What to work on »
Please transcribe only the lines from the one holding "Untitled (Green Abstract)" through the final line of the data, both included, with no pictures.

Data to use »
□ □ □ □

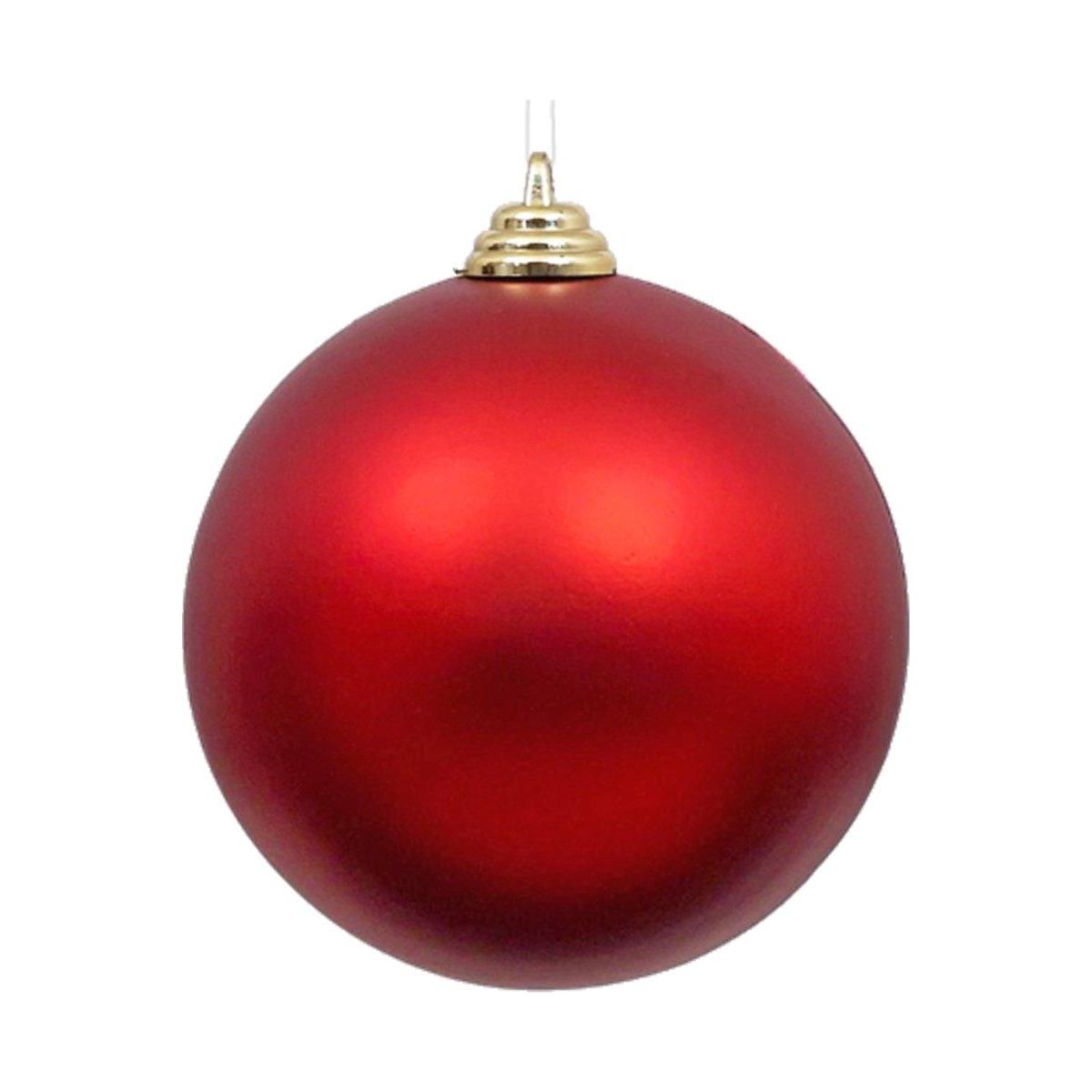 Shop For Matte Red Ball Ornaments (Bulk Sets) at Michelle's aDOORable Creations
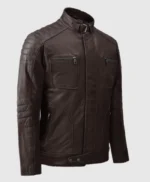 Men’s Firefly Moto Brown Biker Leather Jacket For Sale Men’s Firefly Moto Brown Biker Leather Jacket For Sale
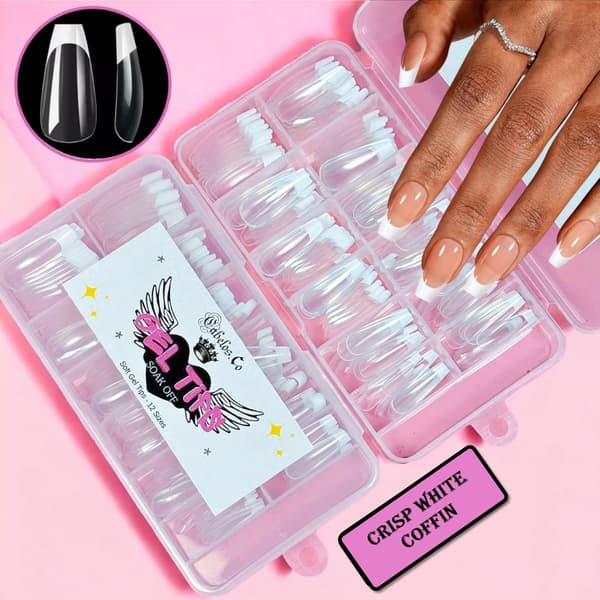 French Tip - Press-On Gel Nails Crisp White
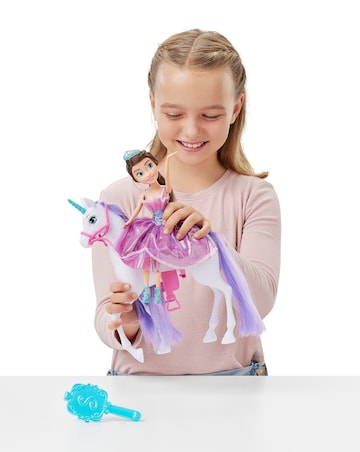 Sparkle Girlz 10.5-inch Princess Doll with Unicorn Set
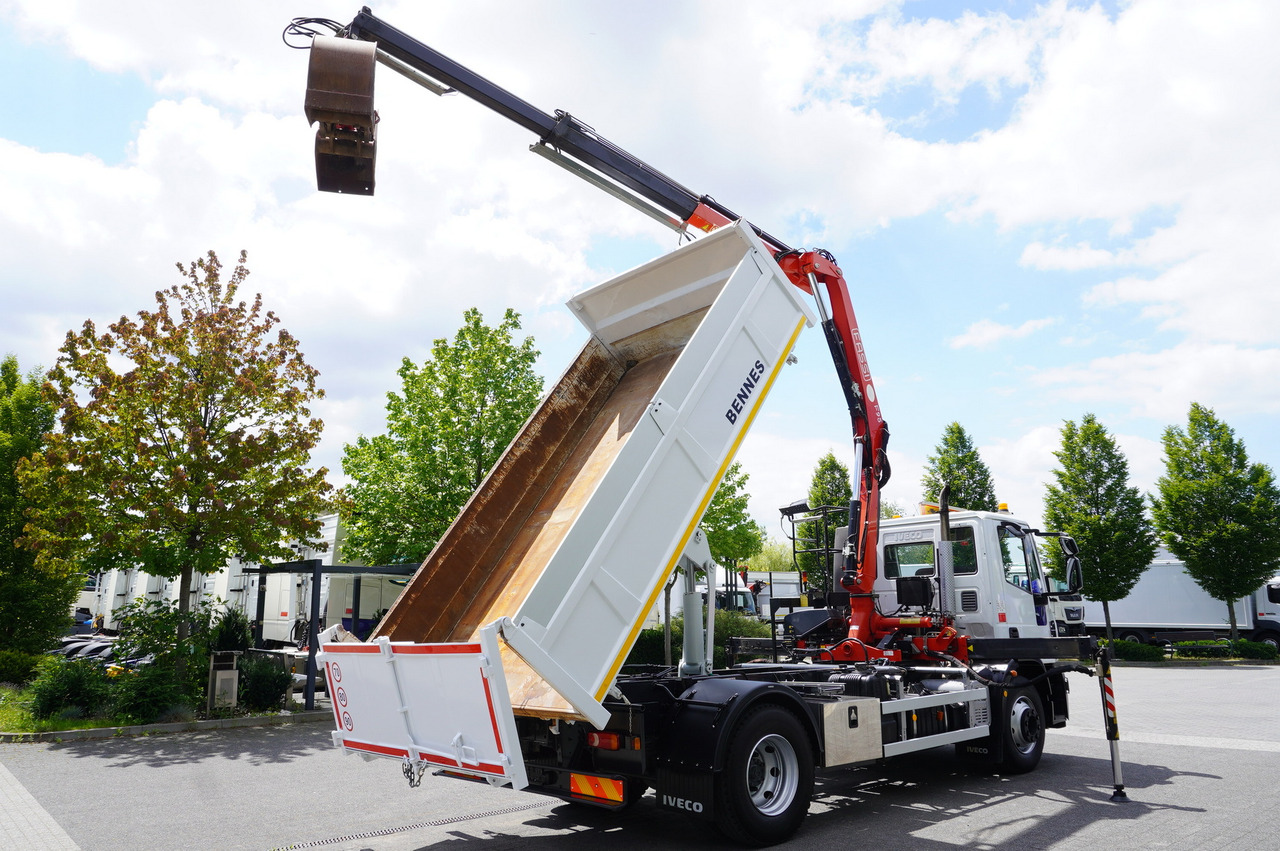 IVECO Eurocargo 160E22 EEV Dump truck / Bortmatic / Crane FASSI F95A.0.22 - Platforminis/ Bortinis sunkvežimis, Sunkvežimis su kranu: foto 5 IVECO Eurocargo 160E22 EEV Dump truck / Bortmatic / Crane FASSI F95A.0.22 - Platforminis/ Bortinis sunkvežimis, Sunkvežimis su kranu: foto 5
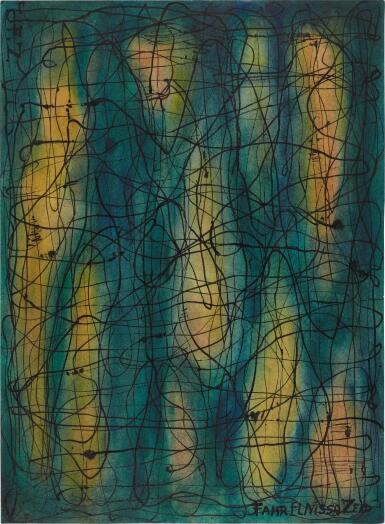 Untitled (Green Abstract)
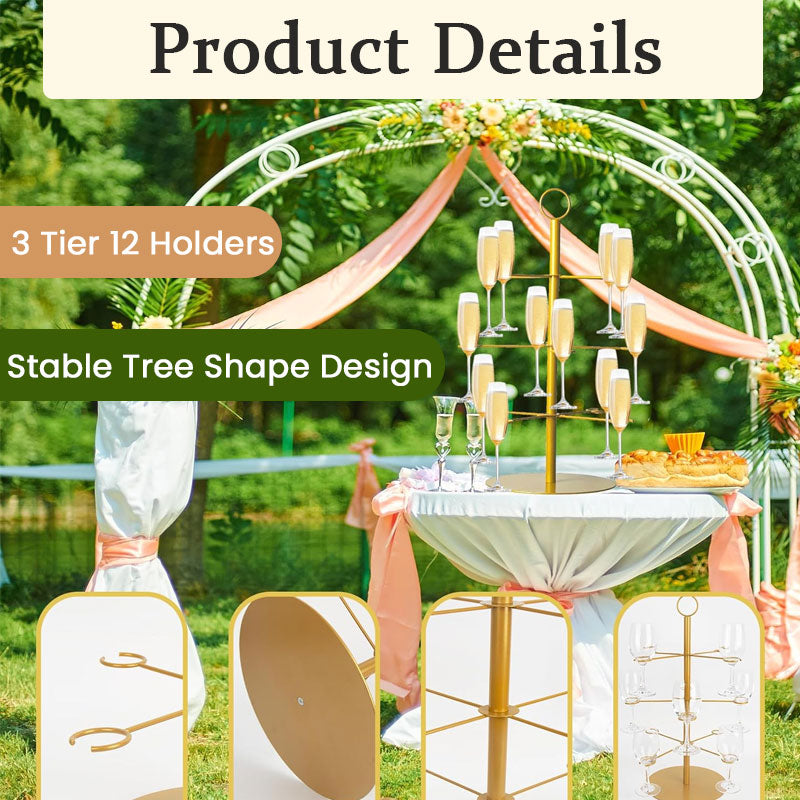 Festlicher, mehrstufiger Präsentationsständer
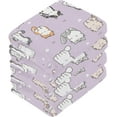 thumbnail image 4 of SKYSONIC Cat Cotton Washcloths Set of 2, Highly Absorbent Soft Fingertip Towel for Bathroom, Gym, Hotel and Spa, 12 x 12 Inch, 4 of 7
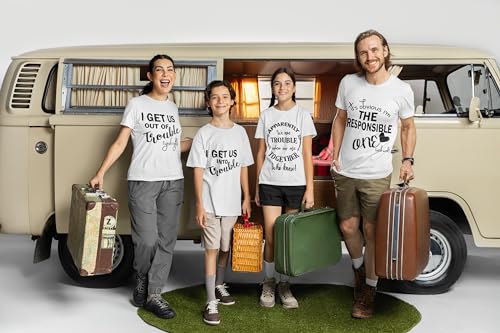 Get Into Trouble Matching BFF Shirt, Out of Trouble, Best Friend Vacation T-Shirt, Girls Trip Shirt, Bachelorette, Birthday, Party Group4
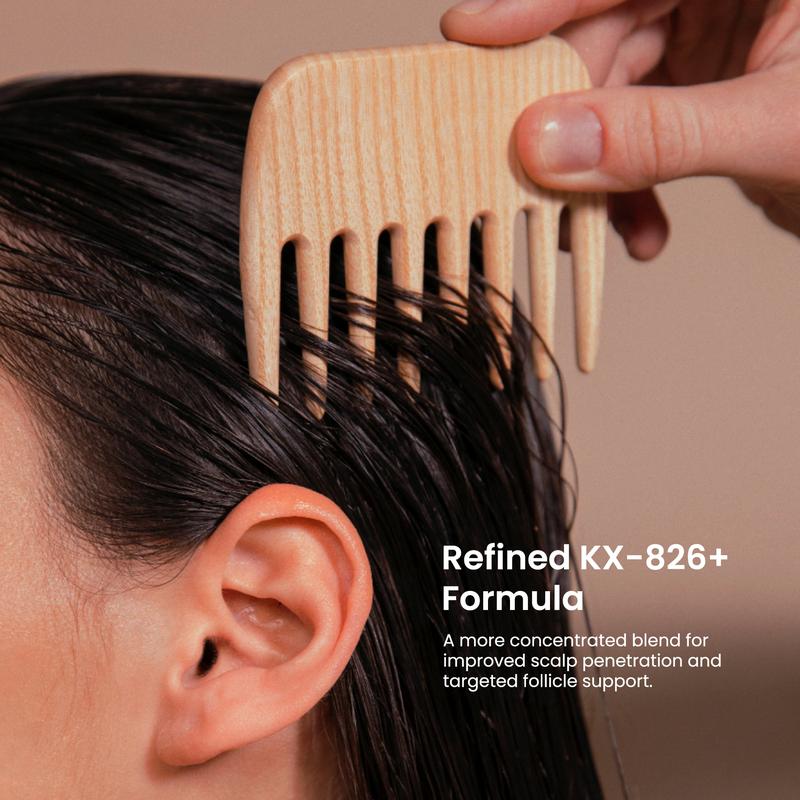 KOSHINÉ 0.9% KX-826 DHT Blocker Hair Thickening Growth Products – Suitable for Men and Women (Purple Bottle)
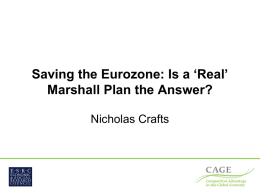 Marshall Plan the Answer?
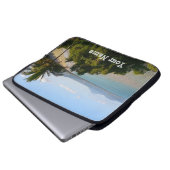 Personalisierter Cairns Beach Notebook-Ärmel Laptopschutzhülle (Vorne Knopf)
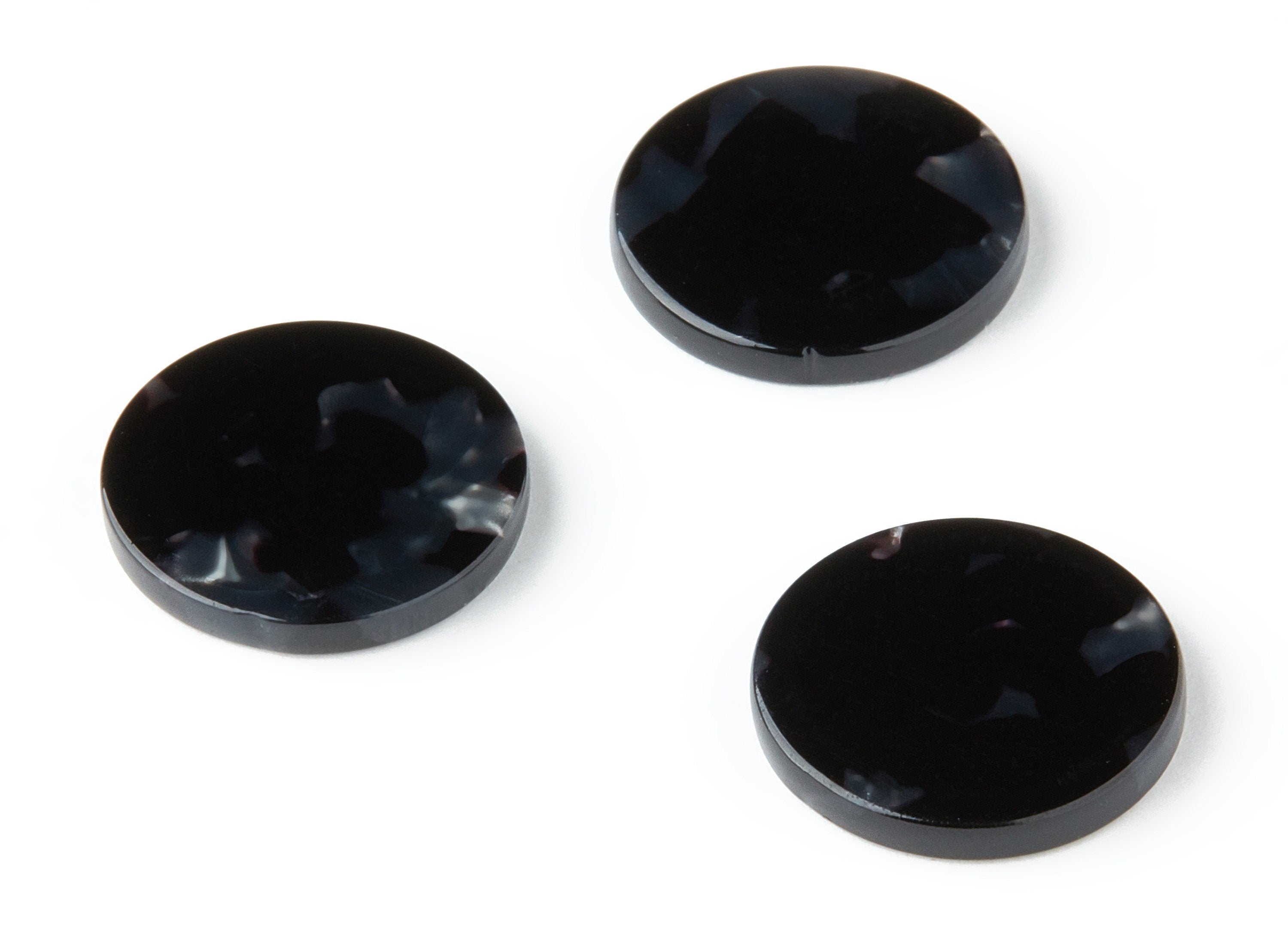 Acetate Acrylic Earring Charms - Tortoise Shell Earrings - Coin Shaped Pendant - Color Code: A48 - 18.5x18.5x2.57mm - AC1433C - DOMEDBAZAAR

□ □ □ □

Reply to the exercise »
 Untitled (Green Abstract)
 Festlicher, mehrstufiger Präsentationsständer
 thumbnail image 4 of SKYSONIC Cat Cotton Washcloths Set of 2, Highly Absorbent Soft Fingertip Towel for Bathroom, Gym, Hotel and Spa, 12 x 12 Inch, 4 of 7
 Get Into Trouble Matching BFF Shirt, Out of Trouble, Best Friend Vacation T-Shirt, Girls Trip Shirt, Bachelorette, Birthday, Party Group4
 KOSHINÉ 0.9% KX-826 DHT Blocker Hair Thickening Growth Products – Suitable for Men and Women (Purple Bottle)
 Marshall Plan the Answer?
 Personalisierter Cairns Beach Notebook-Ärmel Laptopschutzhülle (Vorne Knopf)
 Acetate Acrylic Earring Charms - Tortoise Shell Earrings - Coin Shaped Pendant - Color Code: A48 - 18.5x18.5x2.57mm - AC1433C - DOMEDBAZAAR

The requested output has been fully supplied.